*What you should do*
Set the data below down again, exactly, with every picture left out.

»»

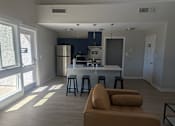 Thumbnail 5 of 20 - A kitchen with a refrigerator, microwave, and oven is visible.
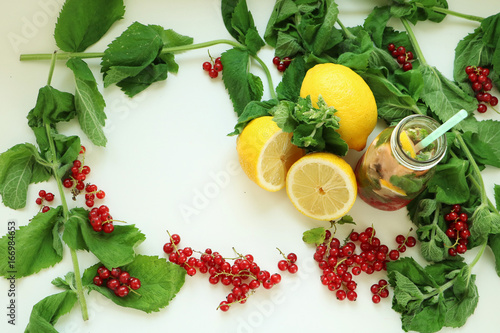 Fototapeta Naklejka Na Ścianę i Meble -  Frame of mint leaves, lemons and red currant berries and drink in bottle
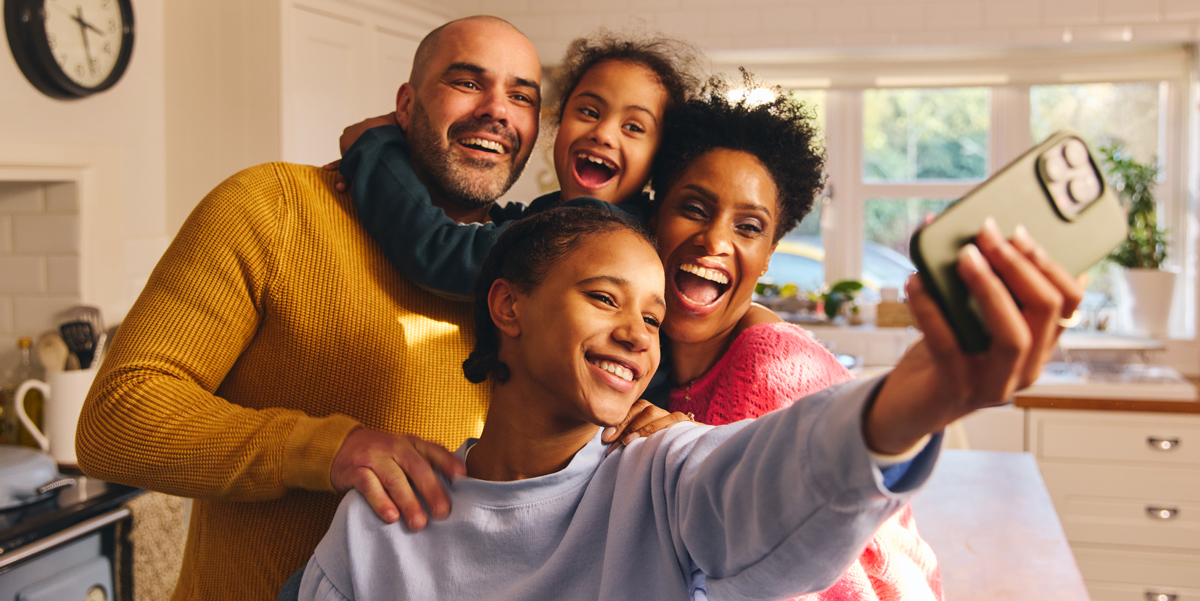 Russo CPA, Saving for Education? Understanding 529 Plans. A family smiles together for a selfie taken by the teenager in the kitchen.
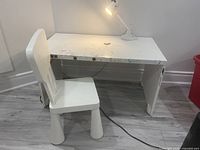 Wide view of white kids desk with chair and lamp, showing marks on desk surface, wooden construction, and chair positioned to side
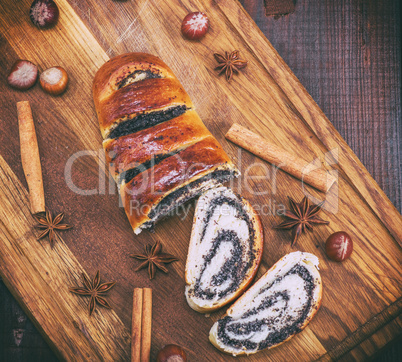 baked roll with poppy seeds on a wooden board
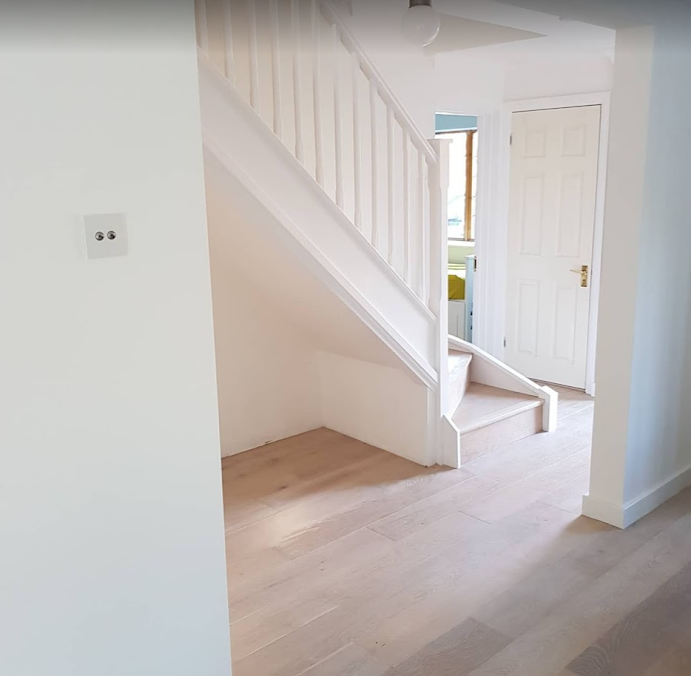 A lovely UK home installed with new wooden flooring and a staircase in Ruislip, London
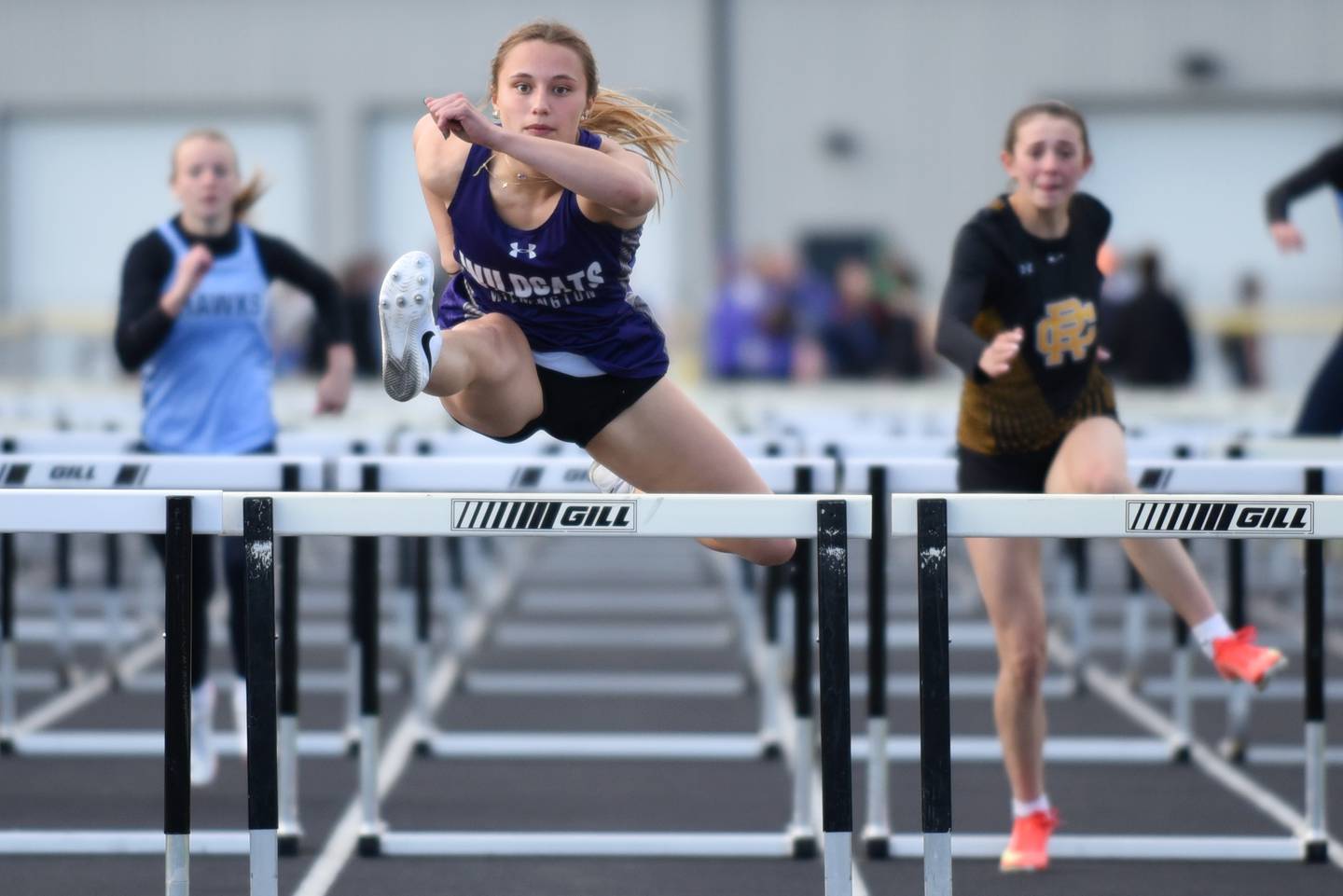 Wilmington's McKenna Van Tilburg leads the pack to the finish line of the 100 hurdles at the Herscher Invite Friday, May 1, 2026.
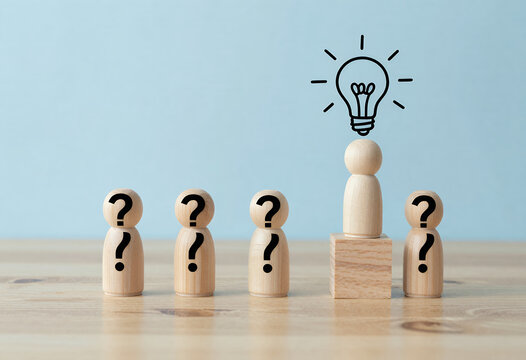 Ideas & Solutions: Wood Figures With Question Marks and Light Bulb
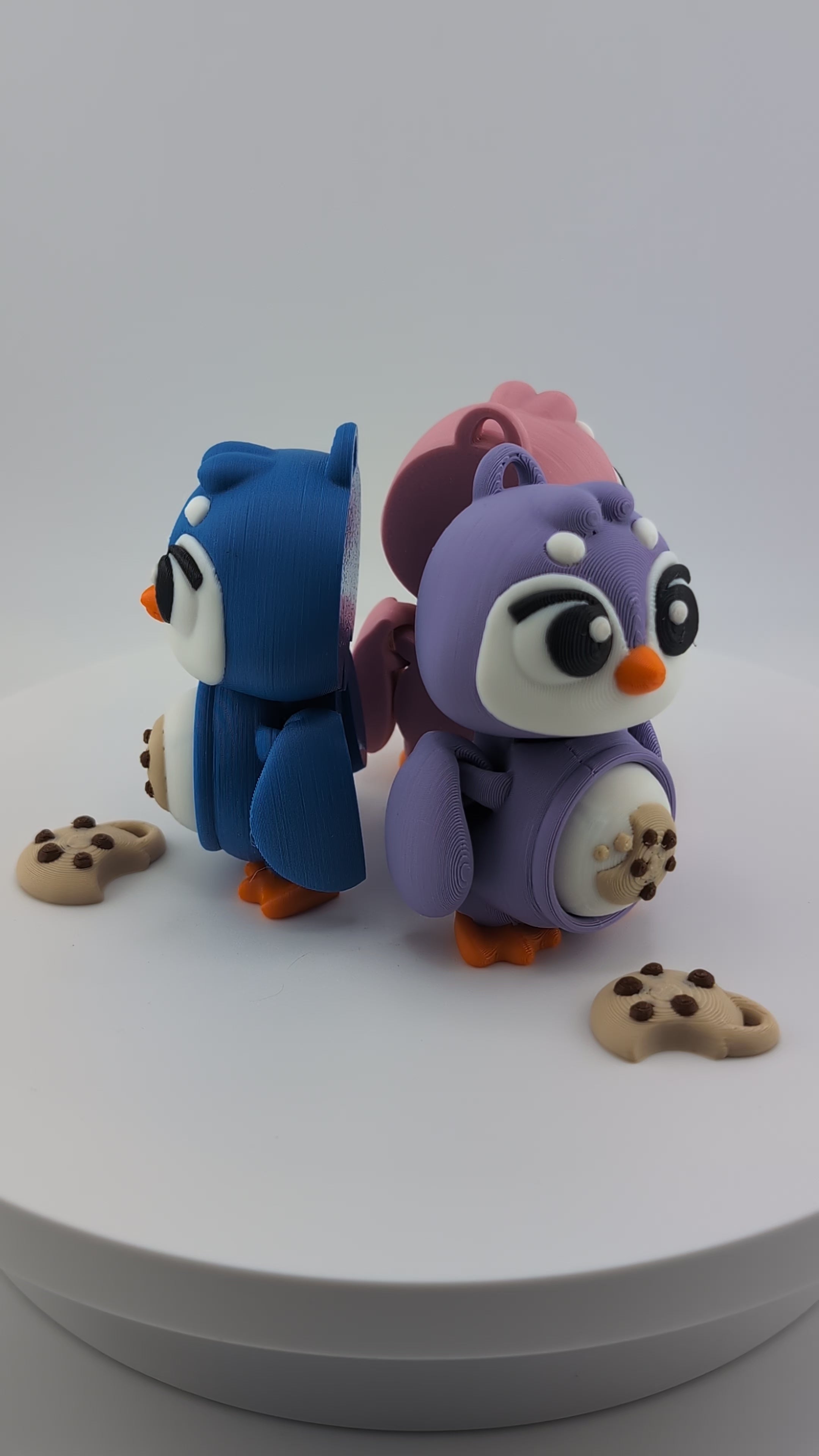 Waddle into fun with our Penguin Clicker Keychains!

««

*Expected answer*
 Thumbnail 5 of 20 - A kitchen with a refrigerator, microwave, and oven is visible.
 Fototapeta Naklejka Na Ścianę i Meble -  Frame of mint leaves, lemons and red currant berries and drink in bottle
 Russo CPA, Saving for Education? Understanding 529 Plans. A family smiles together for a selfie taken by the teenager in the kitchen.
 Wide view of white kids desk with chair and lamp, showing marks on desk surface, wooden construction, and chair positioned to side
 baked roll with poppy seeds on a wooden board
 A lovely UK home installed with new wooden flooring and a staircase in Ruislip, London
 Wilmington's McKenna Van Tilburg leads the pack to the finish line of the 100 hurdles at the Herscher Invite Friday, May 1, 2026.
 Ideas & Solutions: Wood Figures With Question Marks and Light Bulb
 Waddle into fun with our Penguin Clicker Keychains!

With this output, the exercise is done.